Published online by Cambridge University Press: 17 May 2024
One Monday at the very end of the fourteenth century, John Green, the perpetual vicar of the prebendal church of Wistow, and John Keleby, the chaplain and parish clerk of the same church, were saying the verses of the day. Then Green stumbled over his words, Keleby laughed, and Green threw his psalter at the clerk. This unseemly incident may well have gone unrecorded, except for the fact that the book ‘slightly broke the skin of his [Keleby’s] head, so that a little blood appeared on the surface, but slight in quantity’. Consequently, the two men went together to Cawood to tell the archbishop of York what had happened. Archbishop Richard Scrope determined that the church had been polluted by the violence committed therein; it must therefore be reconciled.

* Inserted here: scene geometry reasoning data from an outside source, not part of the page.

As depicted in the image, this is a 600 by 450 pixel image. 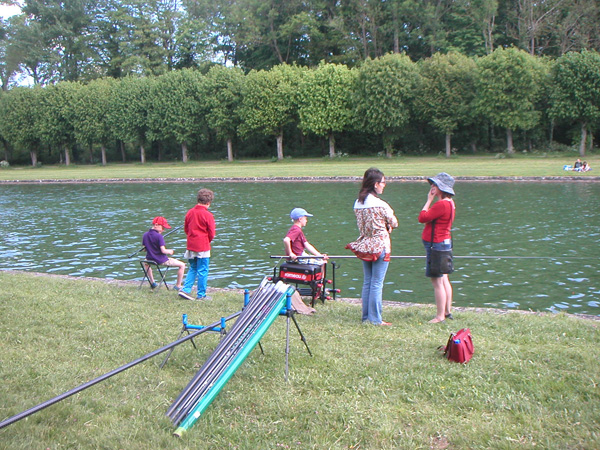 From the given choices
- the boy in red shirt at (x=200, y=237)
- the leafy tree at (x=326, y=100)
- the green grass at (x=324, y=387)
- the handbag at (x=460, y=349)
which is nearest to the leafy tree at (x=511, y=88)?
the leafy tree at (x=326, y=100)

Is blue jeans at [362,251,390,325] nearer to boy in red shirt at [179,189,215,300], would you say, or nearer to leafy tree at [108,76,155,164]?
boy in red shirt at [179,189,215,300]

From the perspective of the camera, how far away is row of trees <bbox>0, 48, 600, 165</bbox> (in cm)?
4725

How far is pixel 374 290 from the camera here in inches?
279

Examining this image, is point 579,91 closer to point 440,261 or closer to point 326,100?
point 326,100

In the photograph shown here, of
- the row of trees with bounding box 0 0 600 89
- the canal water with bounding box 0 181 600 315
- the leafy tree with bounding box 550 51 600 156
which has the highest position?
the row of trees with bounding box 0 0 600 89

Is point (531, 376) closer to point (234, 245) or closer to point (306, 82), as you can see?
point (234, 245)

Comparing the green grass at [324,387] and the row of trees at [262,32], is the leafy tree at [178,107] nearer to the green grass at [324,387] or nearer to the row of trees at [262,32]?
the row of trees at [262,32]

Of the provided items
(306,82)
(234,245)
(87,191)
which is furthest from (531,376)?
(306,82)

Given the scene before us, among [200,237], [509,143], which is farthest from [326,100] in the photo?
[200,237]

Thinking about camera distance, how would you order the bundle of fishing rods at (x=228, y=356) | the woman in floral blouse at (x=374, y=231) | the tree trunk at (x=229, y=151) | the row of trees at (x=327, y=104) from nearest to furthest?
the bundle of fishing rods at (x=228, y=356), the woman in floral blouse at (x=374, y=231), the row of trees at (x=327, y=104), the tree trunk at (x=229, y=151)

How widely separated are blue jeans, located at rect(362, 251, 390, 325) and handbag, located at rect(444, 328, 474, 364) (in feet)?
5.44

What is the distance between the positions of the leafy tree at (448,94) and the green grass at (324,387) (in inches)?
1806

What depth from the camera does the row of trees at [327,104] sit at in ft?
155

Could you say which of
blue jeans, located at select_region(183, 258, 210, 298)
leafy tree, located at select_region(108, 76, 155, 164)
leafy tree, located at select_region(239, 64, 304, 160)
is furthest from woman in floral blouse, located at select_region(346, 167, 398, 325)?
leafy tree, located at select_region(108, 76, 155, 164) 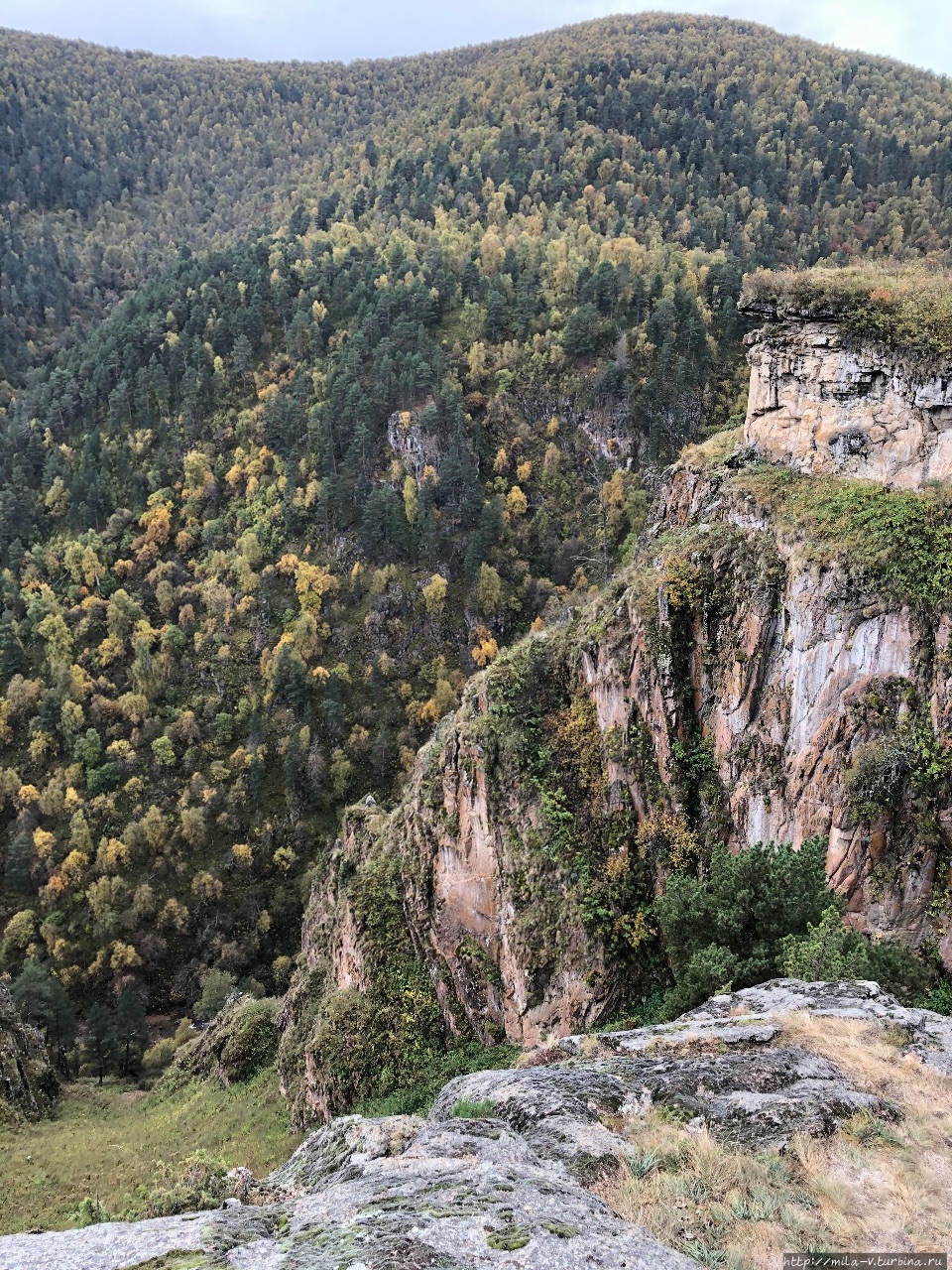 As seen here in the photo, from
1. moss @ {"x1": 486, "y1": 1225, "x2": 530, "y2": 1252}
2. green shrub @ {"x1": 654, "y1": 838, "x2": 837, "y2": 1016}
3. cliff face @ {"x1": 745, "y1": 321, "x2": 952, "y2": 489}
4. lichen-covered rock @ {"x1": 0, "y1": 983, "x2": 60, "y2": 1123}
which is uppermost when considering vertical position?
cliff face @ {"x1": 745, "y1": 321, "x2": 952, "y2": 489}

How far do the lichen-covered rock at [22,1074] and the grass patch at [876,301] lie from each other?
170ft

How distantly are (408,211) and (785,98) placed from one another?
294ft

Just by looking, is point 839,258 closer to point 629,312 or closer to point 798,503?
point 629,312

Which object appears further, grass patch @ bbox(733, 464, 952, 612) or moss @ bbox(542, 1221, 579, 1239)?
grass patch @ bbox(733, 464, 952, 612)

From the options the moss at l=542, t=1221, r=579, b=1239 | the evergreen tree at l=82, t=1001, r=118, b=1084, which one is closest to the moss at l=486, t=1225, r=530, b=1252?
the moss at l=542, t=1221, r=579, b=1239

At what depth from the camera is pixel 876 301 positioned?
85.8 feet

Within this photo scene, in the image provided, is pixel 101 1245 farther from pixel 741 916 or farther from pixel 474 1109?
pixel 741 916

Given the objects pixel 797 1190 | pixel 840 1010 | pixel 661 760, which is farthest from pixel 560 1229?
pixel 661 760

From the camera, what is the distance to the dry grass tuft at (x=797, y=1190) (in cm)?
900

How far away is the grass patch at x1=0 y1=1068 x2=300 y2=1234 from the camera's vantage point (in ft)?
99.2

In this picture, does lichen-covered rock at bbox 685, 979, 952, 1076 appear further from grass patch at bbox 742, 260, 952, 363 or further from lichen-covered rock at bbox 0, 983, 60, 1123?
lichen-covered rock at bbox 0, 983, 60, 1123

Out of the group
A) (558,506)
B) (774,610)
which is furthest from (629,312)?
(774,610)

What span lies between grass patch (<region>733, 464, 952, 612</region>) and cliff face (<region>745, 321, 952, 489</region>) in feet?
3.47

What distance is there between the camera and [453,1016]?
3192 cm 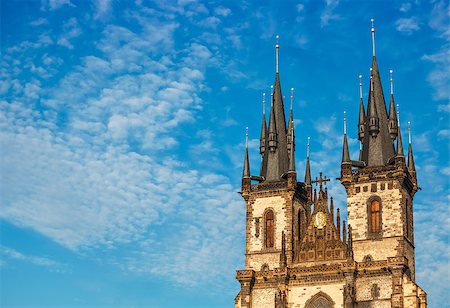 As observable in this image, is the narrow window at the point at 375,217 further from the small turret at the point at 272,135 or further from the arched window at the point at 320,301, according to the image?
the small turret at the point at 272,135

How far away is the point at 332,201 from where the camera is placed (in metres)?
82.3

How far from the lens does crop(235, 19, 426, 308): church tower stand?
252 feet

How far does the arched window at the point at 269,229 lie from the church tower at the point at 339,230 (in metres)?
0.10

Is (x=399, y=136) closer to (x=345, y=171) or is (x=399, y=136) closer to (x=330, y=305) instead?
(x=345, y=171)

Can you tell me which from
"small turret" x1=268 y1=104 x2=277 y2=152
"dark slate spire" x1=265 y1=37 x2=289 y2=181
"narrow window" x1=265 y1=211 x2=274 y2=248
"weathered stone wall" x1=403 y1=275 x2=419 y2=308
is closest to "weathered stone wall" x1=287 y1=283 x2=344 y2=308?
"narrow window" x1=265 y1=211 x2=274 y2=248

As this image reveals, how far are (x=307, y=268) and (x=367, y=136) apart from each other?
14073 mm

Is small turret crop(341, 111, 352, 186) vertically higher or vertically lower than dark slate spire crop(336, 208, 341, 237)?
higher

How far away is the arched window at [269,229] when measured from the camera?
Result: 8276cm

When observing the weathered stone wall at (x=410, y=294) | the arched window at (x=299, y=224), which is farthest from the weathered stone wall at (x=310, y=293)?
the weathered stone wall at (x=410, y=294)

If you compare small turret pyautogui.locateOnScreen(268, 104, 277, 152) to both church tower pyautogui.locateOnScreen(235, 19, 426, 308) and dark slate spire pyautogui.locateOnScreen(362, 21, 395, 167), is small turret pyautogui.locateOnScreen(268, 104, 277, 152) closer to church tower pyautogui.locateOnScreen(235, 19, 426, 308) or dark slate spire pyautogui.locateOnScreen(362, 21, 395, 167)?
church tower pyautogui.locateOnScreen(235, 19, 426, 308)

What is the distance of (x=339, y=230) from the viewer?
80.6 m

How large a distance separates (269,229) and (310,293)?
25.5ft

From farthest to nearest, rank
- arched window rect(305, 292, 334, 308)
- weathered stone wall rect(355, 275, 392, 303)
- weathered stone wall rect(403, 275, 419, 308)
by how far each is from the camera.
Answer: arched window rect(305, 292, 334, 308) → weathered stone wall rect(355, 275, 392, 303) → weathered stone wall rect(403, 275, 419, 308)

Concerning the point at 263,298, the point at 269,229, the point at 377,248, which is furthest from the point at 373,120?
the point at 263,298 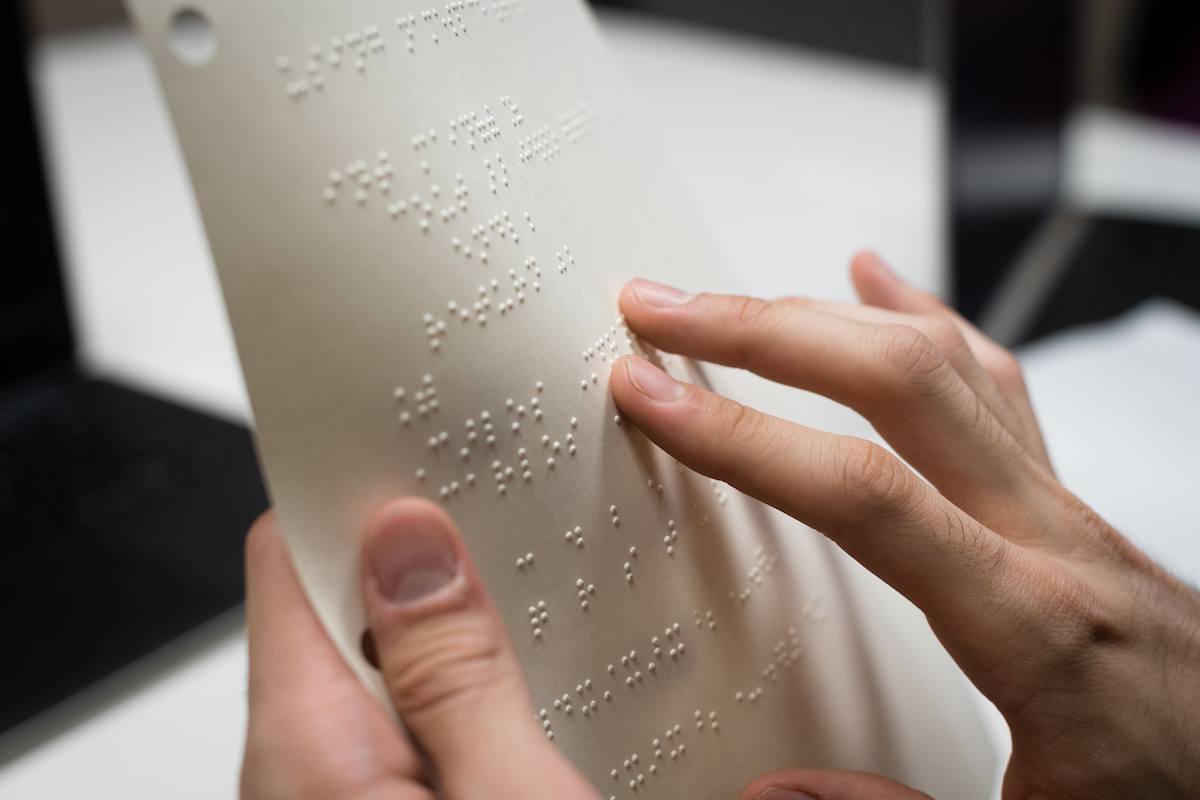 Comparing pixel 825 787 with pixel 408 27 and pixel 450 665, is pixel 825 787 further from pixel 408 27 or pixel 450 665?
pixel 408 27

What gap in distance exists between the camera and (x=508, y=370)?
0.97 feet

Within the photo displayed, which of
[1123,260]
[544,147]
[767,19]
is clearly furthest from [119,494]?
[767,19]

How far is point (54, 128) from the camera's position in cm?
136

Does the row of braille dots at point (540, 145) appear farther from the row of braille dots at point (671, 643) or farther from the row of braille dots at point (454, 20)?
the row of braille dots at point (671, 643)

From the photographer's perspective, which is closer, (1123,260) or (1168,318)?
(1168,318)

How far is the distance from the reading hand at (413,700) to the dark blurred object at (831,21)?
130 cm

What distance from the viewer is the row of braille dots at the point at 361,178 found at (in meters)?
0.26

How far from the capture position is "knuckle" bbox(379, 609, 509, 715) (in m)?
0.28

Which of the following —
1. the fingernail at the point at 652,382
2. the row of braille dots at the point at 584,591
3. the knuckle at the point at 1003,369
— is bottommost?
the knuckle at the point at 1003,369

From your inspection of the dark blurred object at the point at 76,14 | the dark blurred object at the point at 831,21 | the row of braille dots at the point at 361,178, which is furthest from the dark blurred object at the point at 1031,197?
the dark blurred object at the point at 76,14

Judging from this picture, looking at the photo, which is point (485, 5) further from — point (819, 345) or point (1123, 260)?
point (1123, 260)

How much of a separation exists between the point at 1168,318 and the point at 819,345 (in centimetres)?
61

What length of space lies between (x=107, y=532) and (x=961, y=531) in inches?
19.8

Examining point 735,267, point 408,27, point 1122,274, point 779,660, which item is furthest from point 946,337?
point 1122,274
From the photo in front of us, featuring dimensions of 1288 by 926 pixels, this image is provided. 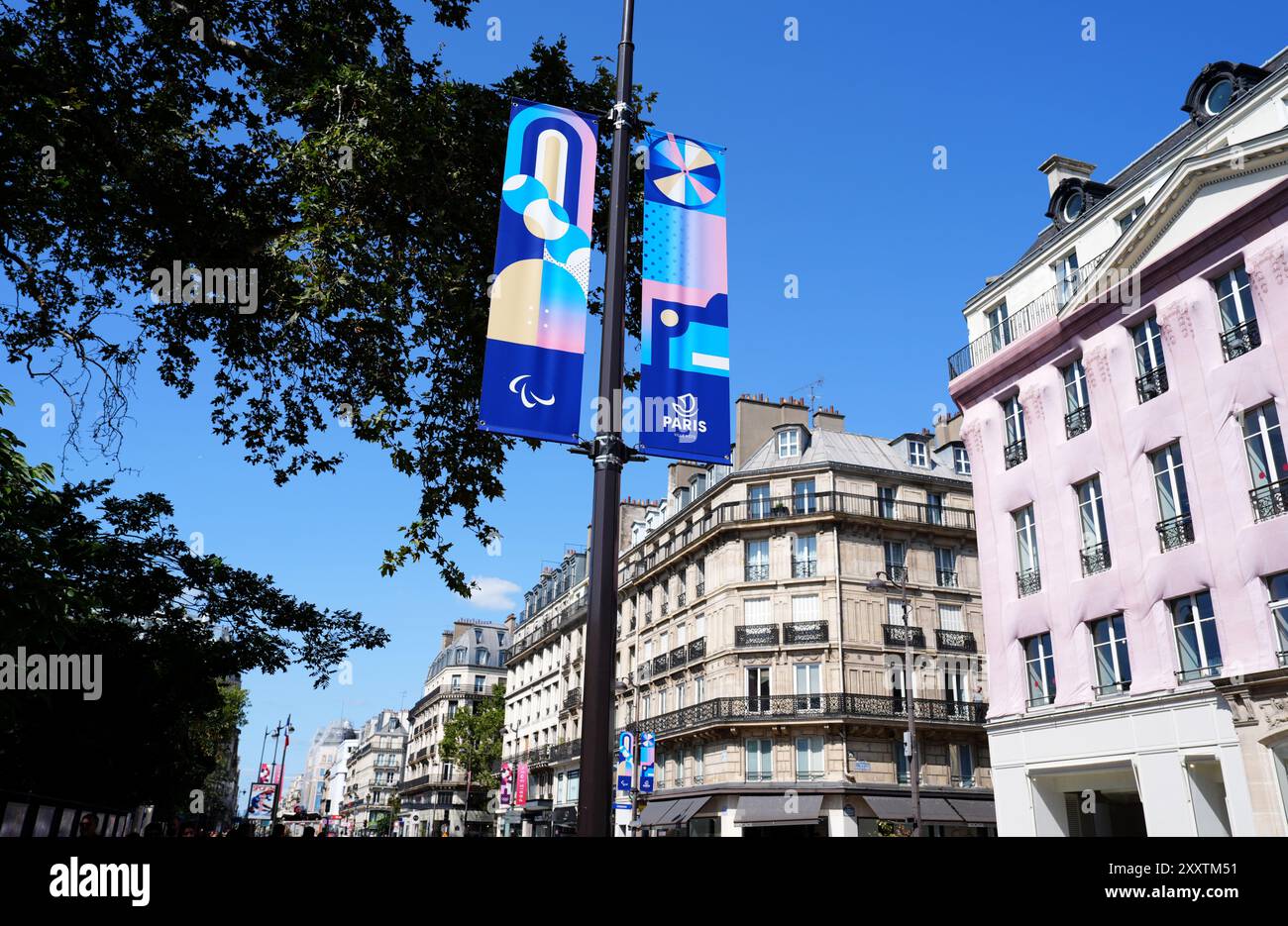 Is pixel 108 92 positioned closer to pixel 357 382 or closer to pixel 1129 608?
pixel 357 382

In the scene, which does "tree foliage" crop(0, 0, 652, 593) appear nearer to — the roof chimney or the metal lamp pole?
the metal lamp pole

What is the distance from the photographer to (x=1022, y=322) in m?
27.6

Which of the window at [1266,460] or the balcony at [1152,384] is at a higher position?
the balcony at [1152,384]

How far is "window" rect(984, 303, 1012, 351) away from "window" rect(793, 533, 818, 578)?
17.6m

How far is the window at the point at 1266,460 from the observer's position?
1878cm

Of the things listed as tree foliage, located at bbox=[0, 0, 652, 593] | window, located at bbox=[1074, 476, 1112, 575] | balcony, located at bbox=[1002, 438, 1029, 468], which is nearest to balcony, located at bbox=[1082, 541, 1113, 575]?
window, located at bbox=[1074, 476, 1112, 575]

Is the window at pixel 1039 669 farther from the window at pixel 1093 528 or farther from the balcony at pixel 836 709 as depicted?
the balcony at pixel 836 709

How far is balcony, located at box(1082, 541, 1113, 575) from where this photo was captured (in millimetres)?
22891

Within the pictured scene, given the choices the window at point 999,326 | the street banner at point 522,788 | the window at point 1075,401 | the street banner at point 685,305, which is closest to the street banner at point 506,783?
the street banner at point 522,788

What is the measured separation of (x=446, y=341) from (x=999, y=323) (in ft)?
77.9

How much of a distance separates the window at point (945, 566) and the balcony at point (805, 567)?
21.1ft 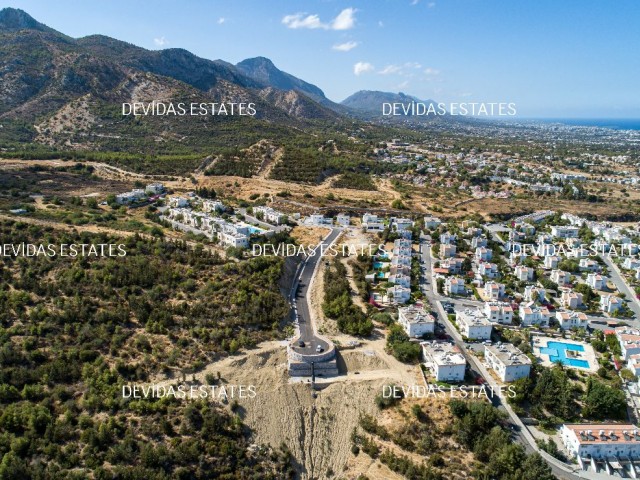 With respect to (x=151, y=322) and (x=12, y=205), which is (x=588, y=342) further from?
(x=12, y=205)

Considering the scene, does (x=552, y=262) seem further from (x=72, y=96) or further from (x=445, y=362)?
(x=72, y=96)

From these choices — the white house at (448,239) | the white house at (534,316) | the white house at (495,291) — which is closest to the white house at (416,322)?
the white house at (534,316)

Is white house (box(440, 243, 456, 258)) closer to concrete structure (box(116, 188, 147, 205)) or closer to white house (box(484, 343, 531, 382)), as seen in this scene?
white house (box(484, 343, 531, 382))

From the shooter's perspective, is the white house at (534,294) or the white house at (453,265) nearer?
the white house at (534,294)

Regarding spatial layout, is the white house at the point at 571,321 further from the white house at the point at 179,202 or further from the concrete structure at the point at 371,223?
the white house at the point at 179,202

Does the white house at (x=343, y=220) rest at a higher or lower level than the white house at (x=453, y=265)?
higher

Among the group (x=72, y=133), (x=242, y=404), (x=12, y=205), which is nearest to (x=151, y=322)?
(x=242, y=404)

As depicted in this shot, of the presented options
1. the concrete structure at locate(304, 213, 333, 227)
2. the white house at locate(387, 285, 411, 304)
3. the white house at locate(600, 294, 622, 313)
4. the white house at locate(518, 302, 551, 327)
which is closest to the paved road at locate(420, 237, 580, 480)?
the white house at locate(387, 285, 411, 304) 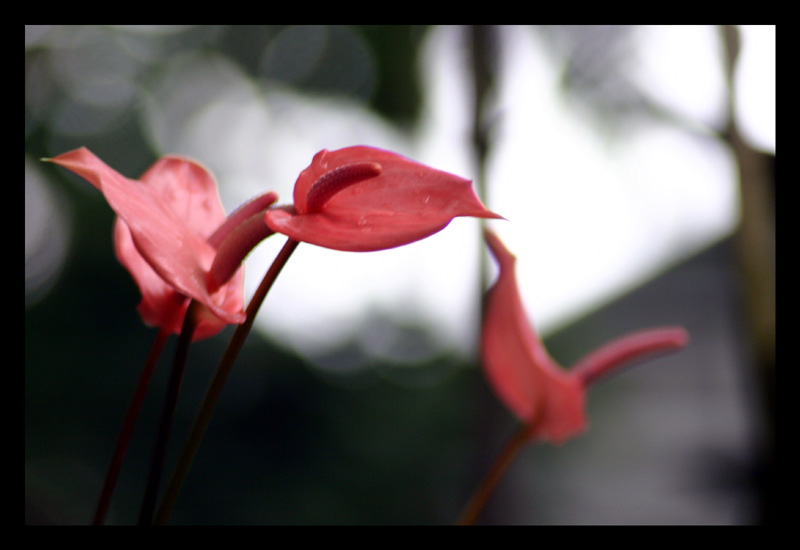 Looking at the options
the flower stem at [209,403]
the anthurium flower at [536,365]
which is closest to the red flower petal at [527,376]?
the anthurium flower at [536,365]

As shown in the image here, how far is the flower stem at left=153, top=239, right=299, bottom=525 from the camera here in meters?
0.19

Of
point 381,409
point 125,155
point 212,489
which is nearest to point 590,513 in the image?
point 381,409

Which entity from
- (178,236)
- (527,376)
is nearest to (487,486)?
(527,376)

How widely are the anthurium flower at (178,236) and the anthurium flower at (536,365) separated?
0.44ft

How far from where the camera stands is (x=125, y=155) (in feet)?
10.4

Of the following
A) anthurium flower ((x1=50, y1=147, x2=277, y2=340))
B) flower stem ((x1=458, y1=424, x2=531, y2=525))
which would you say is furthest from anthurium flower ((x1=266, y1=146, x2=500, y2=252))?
flower stem ((x1=458, y1=424, x2=531, y2=525))

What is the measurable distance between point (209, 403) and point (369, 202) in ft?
0.31

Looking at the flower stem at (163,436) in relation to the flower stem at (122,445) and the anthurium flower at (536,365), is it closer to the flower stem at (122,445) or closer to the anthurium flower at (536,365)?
the flower stem at (122,445)

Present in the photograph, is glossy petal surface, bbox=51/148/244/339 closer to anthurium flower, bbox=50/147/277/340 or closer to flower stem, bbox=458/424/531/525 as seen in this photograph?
anthurium flower, bbox=50/147/277/340

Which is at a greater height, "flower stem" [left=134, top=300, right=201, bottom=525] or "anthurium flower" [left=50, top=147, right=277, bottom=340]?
"anthurium flower" [left=50, top=147, right=277, bottom=340]

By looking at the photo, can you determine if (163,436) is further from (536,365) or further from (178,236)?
(536,365)

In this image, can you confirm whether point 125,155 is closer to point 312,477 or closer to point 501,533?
point 312,477

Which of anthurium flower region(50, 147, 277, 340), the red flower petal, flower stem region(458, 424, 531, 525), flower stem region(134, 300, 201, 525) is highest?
anthurium flower region(50, 147, 277, 340)

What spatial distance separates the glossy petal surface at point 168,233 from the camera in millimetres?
199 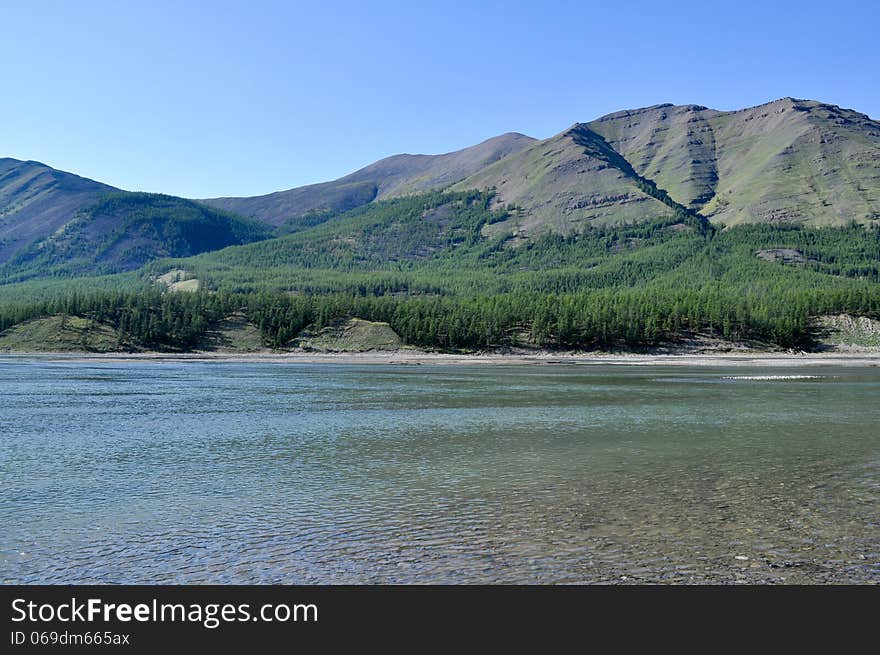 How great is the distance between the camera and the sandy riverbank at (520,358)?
176 metres

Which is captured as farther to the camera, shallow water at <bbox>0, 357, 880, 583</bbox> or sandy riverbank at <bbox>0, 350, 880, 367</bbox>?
sandy riverbank at <bbox>0, 350, 880, 367</bbox>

The idea that a church could be contaminated by bodily fluids was an old one, with its roots in Levitical prohibitions; the idea that a polluted church should be ritually reconciled probably derived from the same source, specifically the ritual for purifying a leper's house. During the course of the Middle Ages, such ideas became firmly entrenched in canon law: the early eleventh century Excerptiones Ecberti Eborcensi archiepiscopi (which were probably written by Wulfstan of York) specify that reconsecration was necessary if a church was polluted by murder or adultery, and the idea that emissions of blood and semen (along with fire and the burial of an infidel or excommunicate) could contaminate a church or churchyard was restated by all the major canonists, including Gratian.
By the later Middle Ages, the main concerns seem to have been bloodshed and sex, both of which could be deeply problematic, and not just because of cultural taboos about bodily fluids. Once a church had been consecrated (that is, as William Durandus put it, once it had been ‘dedicated in a ceremony by the hands of a bishop, and sanctified by God’), it became a sacred space, suitable for activities such as praising God and administering the sacraments. Moreover, as Daniel Thiery has argued, only God was entitled to enact violence in such a place; consequently, prohibitions on violence formed an important part of the consecration ceremony, and acts that would be licit in the secular world were sinful here.